= What to do =
Begin at the line with "Vortex Razor HD" and output every line through the end of the records, exactly as given. Omit pictures.

*** Listed entries Section Begins ***

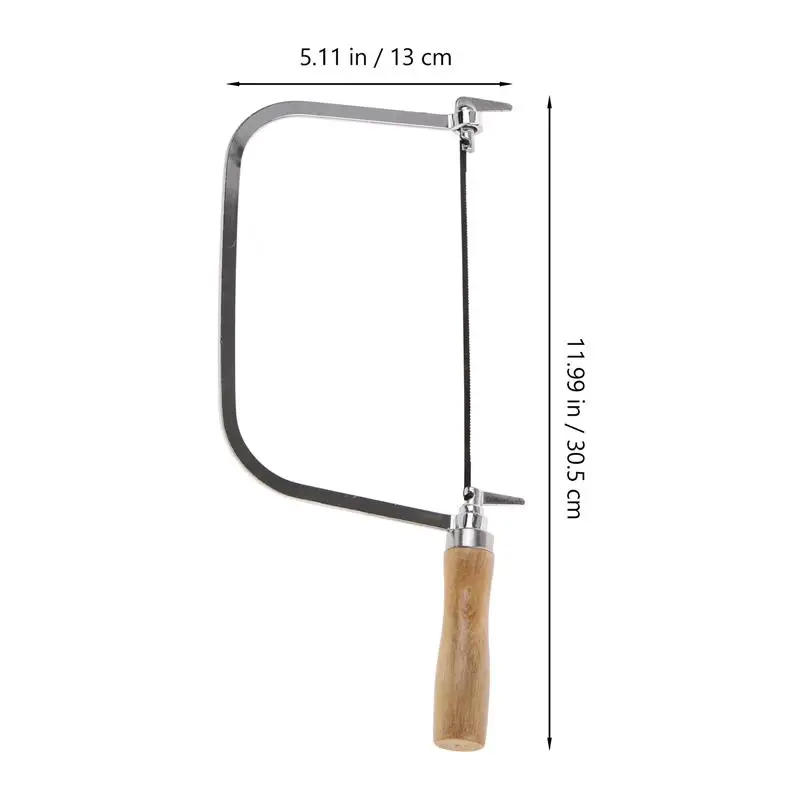 7 Inch Wooden Handle Carving Saw Precision Scroll Saw For Durable Coping Hand Tools Mini Bow Labor Saving Hand Wood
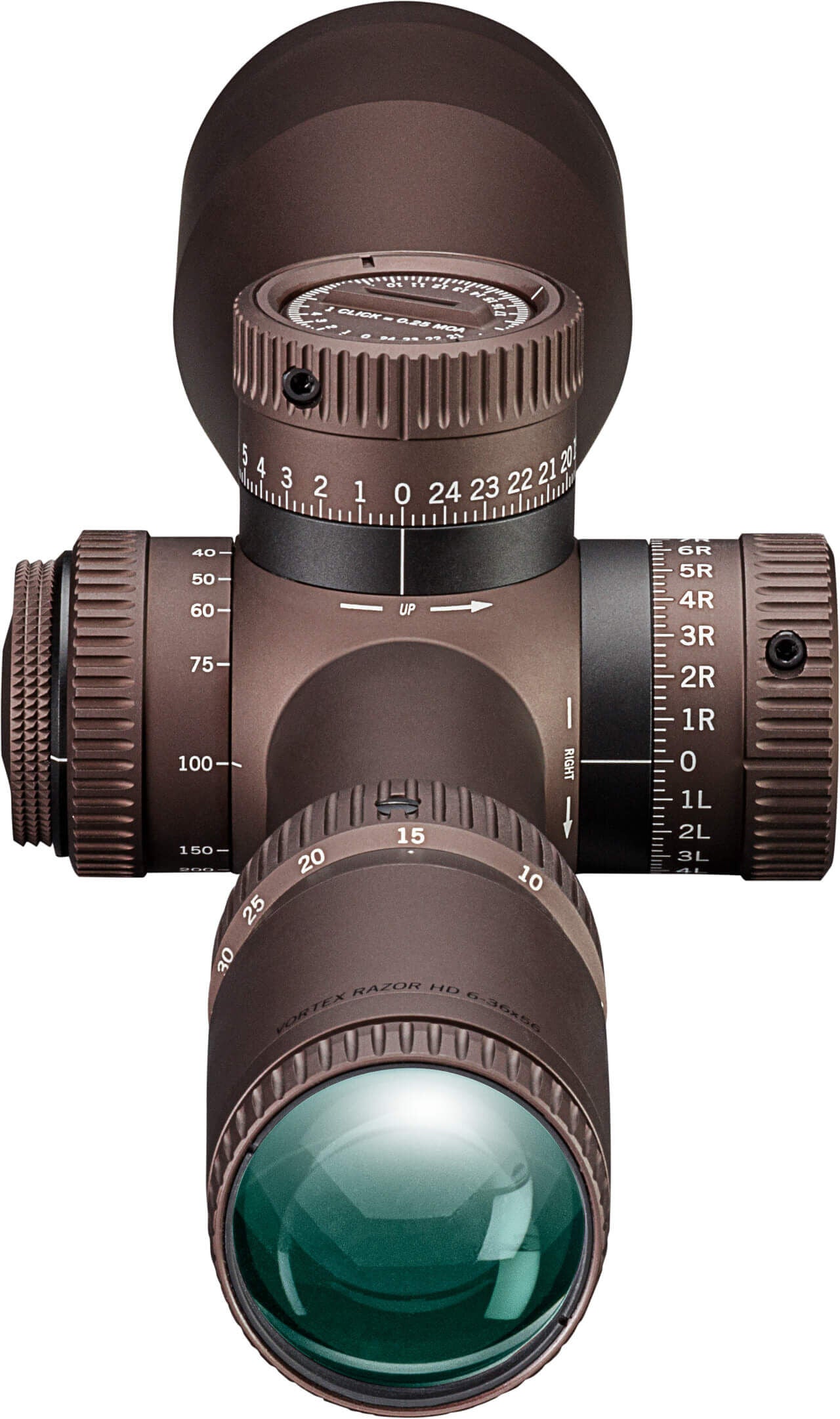 Vortex Razor HD Gen III 6-36x56 FFP MOA Präzisions-Zielfernrohr für Weitschuss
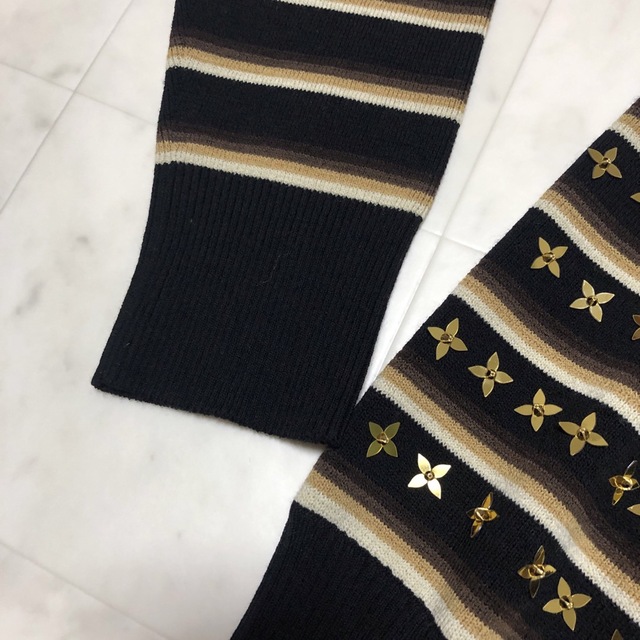 未使用品☆LOUIS VUITTON スパンコール ニットセーター サイズS-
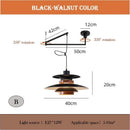 Axyaa Retro Disc Pendant Lamp for Dining Room, Bar Counter, and Study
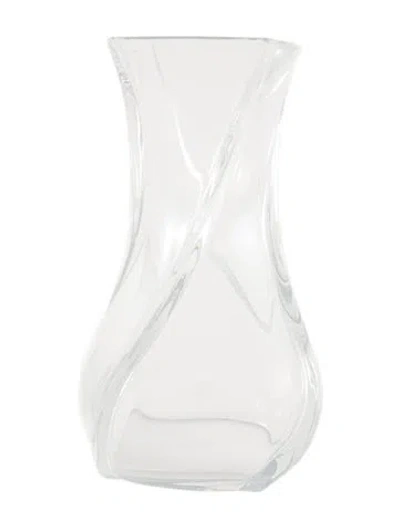Pre-owned Baccarat Crystal Serpentin Vase In Transparent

*** Listed entries Section Ends ***

= Answer to this exercise =
 Vortex Razor HD Gen III 6-36x56 FFP MOA Präzisions-Zielfernrohr für Weitschuss
 未使用品☆LOUIS VUITTON スパンコール ニットセーター サイズS-
 Axyaa Retro Disc Pendant Lamp for Dining Room, Bar Counter, and Study
Pre-owned Baccarat Crystal Serpentin Vase In Transparent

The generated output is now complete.